According to a Reuters report, Swedish carmaker Volvo, owned by Zhejiang Geely and China's biggest overseas auto venture, made a first half net loss after sales suffered a downturn due to the euro zone crisis, but it said its growth plans would remain on track.


Volvo was bought by Geely from Ford Motor in 2010 for $1.8 billion. The company aims to increase sales by 2020 to 800,000 from just over 400,000, including rapid growth in China, where it also plans to build two factories.


Chief executive Stefan Jacoby, who switched to Volvo in August 2010 after spending most of his career at Volkswagen, said sales had been hit by weakness in the euro zone. "The markets are not what we originally planned ... The southern European crisis is spreading to the north," he told a news conference, adding the car market was the most unpredictable it had ever been.


Volvo sales for the first half of 2012 fell 4 percent to 221,309 cars year-on-year.
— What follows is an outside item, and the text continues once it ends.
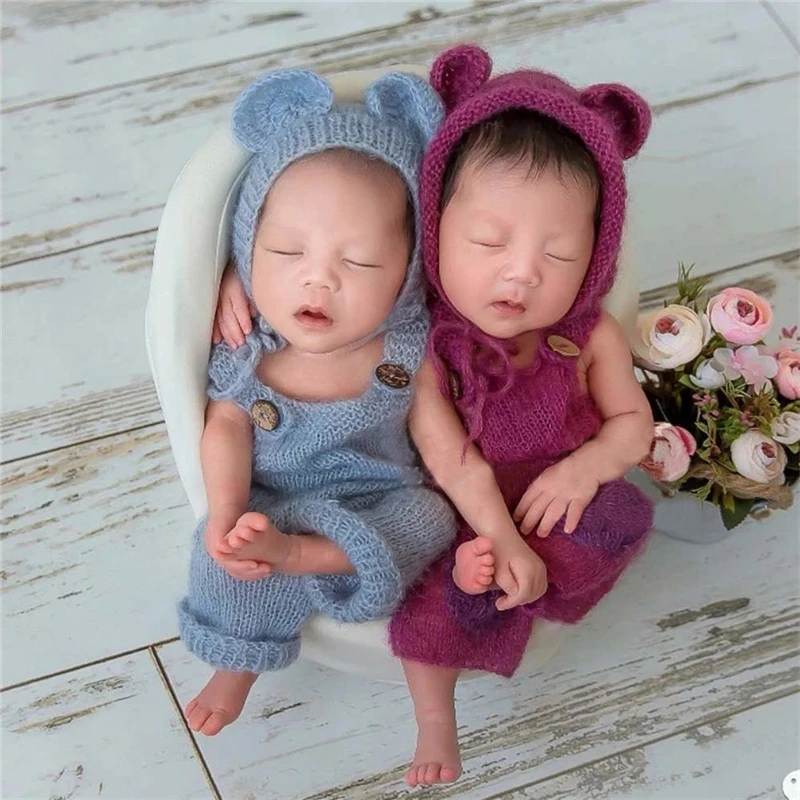 Accessoires De Photographie Pour Nouveau Ne Tenue Pour Bebe Garcon Et Fille Ensemble Chapeau Et Salopette Ours Mignon Doux Mohair Vetements Photo Aliexpress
Earnings before interest and tax slumped to 239 million crowns ($35.63 million) from 1.53 billion but at the net level the group made a loss of 254 million crowns after a profit of 1.21 billion in the first half of 2011. The sales fall worsened for January to August to 5.2 percent, with south Europe and home market Sweden the worst hit.


Jacoby confirmed Volvo was to reduce production at its western Sweden plant to 50 cars an hour from 57 and that 285 temporary staff were not having contracts renewed, part of the flexibility the company had to reduce costs in the downturn.


The company said it had ploughed money into its program of transformation, which includes the new factories in China, the launch of an all-new version of its V40 model and had been forced to sweeten car sales with incentives to customers, though not to the same extent as other manufacturers.


Jacoby said Volvo was suffering from the strength of the Swedish crown, which cuts revenues from foreign currency sales.


Despite the earnings loss, Jacoby said the company had a strong enough balance sheet, as well as financing commitments, to carry through the group's plans through what it calls the transition years of 2012 and 2013, when it expects the first Volvo to roll out of a Chinese plant in Chengdu. "Our investment plan is secured by financing," he said.


It sees the culmination of its plans in 2015 when Chinese industrial plans will be operational. Its goal is eventually to sell 200,000 cars in China, a leap from the 47,000 in 2011.


Jacoby also confirmed reports Volvo was exploring building a small car with another manufacturer and looking for options for a presence in the NAFTA bloc of trading nations, including cooperating with another manufacturer. But he said no decisions had been made yet.